Dublin Theatre Festival: Bronks stages a powerful, politically charged account of the Beslan massacre


US/THEM

Pavilion Theatre, Dún Laoghaire
★★★★☆
How do you tell the story of a national tragedy? How do you represent an act of terrorism on stage? In Us/Them the Belgian theatre company Bronks approaches these questions through the eyes of young people, providing an insider view of the Beslan massacre of 2004, when a group of Islamist militants laid siege to a school gymnasium in North Ossetia, in Russia, trapping almost 1,200 people, mostly children, inside.

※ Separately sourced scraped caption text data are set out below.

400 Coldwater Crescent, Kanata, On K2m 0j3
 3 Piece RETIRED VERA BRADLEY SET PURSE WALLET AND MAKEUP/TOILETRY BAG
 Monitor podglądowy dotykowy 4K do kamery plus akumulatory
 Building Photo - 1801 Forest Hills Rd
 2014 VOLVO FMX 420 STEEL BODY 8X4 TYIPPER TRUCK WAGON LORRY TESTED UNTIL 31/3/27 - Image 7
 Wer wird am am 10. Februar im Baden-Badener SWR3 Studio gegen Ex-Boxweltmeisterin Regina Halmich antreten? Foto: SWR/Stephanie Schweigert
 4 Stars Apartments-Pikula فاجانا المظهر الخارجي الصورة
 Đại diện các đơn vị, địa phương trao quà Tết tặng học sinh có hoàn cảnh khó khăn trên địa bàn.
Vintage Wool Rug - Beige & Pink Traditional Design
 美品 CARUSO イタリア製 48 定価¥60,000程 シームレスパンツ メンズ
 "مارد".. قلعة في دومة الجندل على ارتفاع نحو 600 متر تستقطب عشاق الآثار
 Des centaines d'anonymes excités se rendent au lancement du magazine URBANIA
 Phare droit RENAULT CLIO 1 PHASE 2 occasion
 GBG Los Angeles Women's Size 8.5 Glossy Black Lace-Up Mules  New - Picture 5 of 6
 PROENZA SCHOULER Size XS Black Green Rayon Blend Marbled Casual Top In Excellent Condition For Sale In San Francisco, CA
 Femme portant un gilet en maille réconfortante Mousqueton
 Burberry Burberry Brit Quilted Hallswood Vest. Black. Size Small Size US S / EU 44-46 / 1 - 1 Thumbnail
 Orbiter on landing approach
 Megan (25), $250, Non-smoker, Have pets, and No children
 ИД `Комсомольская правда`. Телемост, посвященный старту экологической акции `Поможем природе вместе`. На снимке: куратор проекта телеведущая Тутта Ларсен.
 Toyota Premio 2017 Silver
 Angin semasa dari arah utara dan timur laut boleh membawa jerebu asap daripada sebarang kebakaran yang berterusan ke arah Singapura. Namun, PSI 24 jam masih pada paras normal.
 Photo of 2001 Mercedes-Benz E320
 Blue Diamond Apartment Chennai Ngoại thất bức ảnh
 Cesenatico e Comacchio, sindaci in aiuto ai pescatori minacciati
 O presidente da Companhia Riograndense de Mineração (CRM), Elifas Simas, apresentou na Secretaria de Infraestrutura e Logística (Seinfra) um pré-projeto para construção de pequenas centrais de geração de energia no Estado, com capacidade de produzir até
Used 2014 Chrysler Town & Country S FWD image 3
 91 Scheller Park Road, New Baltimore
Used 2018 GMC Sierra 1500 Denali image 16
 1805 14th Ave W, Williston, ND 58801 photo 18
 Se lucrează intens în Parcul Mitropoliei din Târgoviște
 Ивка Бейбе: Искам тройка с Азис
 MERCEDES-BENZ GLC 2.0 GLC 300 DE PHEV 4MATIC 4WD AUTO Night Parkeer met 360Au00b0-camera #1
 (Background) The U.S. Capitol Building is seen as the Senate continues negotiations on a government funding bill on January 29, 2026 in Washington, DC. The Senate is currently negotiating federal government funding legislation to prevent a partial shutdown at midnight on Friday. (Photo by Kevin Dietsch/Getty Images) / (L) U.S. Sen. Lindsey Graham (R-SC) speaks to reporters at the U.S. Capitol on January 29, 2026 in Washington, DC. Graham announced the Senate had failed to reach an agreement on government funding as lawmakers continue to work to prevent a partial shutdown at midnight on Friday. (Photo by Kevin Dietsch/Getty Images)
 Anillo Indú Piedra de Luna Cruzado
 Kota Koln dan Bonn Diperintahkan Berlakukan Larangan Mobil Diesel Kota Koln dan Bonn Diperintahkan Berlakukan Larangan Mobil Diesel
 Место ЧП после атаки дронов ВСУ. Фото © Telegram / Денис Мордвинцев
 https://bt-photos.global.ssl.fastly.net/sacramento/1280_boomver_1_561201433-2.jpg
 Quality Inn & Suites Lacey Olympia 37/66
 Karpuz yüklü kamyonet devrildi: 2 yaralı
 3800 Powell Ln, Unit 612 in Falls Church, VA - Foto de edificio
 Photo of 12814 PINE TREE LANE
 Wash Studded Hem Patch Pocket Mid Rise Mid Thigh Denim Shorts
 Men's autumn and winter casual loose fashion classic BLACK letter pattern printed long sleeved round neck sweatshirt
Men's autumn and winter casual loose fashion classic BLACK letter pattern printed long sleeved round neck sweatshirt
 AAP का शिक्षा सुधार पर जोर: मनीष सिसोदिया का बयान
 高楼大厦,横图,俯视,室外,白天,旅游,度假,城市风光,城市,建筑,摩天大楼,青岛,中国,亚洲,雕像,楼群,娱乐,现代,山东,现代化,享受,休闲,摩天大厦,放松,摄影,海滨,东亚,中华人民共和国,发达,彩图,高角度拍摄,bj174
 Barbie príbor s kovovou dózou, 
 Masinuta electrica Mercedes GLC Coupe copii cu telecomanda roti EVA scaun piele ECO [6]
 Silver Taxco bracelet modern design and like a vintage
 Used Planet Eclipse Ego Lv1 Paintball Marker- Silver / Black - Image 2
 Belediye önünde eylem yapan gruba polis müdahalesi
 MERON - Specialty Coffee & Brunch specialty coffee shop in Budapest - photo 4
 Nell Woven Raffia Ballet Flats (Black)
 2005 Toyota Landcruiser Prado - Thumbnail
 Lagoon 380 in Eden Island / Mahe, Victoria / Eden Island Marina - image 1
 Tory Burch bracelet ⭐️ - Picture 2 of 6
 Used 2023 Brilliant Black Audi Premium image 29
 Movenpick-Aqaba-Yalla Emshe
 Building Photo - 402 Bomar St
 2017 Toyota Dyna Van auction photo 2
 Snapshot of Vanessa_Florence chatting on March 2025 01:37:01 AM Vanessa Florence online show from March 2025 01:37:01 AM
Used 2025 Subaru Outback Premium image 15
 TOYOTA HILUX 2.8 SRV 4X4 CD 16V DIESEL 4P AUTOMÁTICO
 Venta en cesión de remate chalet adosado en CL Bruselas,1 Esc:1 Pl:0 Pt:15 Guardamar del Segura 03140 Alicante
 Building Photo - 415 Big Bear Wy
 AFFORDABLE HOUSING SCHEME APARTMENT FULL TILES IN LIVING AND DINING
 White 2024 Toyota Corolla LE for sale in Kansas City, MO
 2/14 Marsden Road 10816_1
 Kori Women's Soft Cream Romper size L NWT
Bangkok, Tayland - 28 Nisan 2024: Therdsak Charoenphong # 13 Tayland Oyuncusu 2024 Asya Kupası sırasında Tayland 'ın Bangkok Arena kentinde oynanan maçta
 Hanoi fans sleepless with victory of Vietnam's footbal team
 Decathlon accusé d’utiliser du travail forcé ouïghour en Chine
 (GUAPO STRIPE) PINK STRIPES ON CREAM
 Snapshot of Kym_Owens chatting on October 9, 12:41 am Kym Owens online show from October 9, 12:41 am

Its director, Carly Wijs, gives us a narrow, knee-high view of the event; the information the two performers share with us is the type of material relevant not to a historian or a political expert but to the key witnesses of the tragedy: children.

The performers use twine to spin a web of tripwire across the stage in imitation of their captors, using the benign symbol of black balloons to mark the location of bombs

On a stark grey set flanked by a wall with coat hooks, Gytha Parmentier and Roman Van Houtven draw a map of the gymnasium on the floor with chalk, including the hall's entrances and exits – points of particular importance for tardy 10-year-olds. Using twine, they spin a spider's web of tripwire across the stage in imitation of their captors, using the benign, buoyant symbols of black balloons to mark the location of bombs in the auditorium. These are the tools of childhood being used to tell a story no child should ever have to hear.

The context the children provide for the terrorist attack is similarly authentic. Talking over each other at speed, and wide-eyed for dramatic effect, they present exaggerated hearsay as history (“Chechen women have moustaches!”), the ridiculousness of their Chinese-whispers approach to the conflict underscoring its fundamental irrelevance.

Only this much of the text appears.